- Work to complete
Return the data below exactly, but only from the line containing "image for item" through the line containing "Used 2023 Porsche", with both of those lines included.

== Dataset records ==

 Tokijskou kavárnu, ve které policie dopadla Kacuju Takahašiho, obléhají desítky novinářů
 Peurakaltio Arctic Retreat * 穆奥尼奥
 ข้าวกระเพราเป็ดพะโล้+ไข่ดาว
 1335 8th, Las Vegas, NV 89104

===
== Dataset records ==

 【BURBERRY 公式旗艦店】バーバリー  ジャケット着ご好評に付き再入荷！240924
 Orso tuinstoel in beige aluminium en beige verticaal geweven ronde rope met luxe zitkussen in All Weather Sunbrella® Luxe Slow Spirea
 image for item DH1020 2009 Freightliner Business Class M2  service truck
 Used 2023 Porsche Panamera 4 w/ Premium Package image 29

===

- Solution for this exercise
 image for item DH1020 2009 Freightliner Business Class M2  service truck
 Used 2023 Porsche Panamera 4 w/ Premium Package image 29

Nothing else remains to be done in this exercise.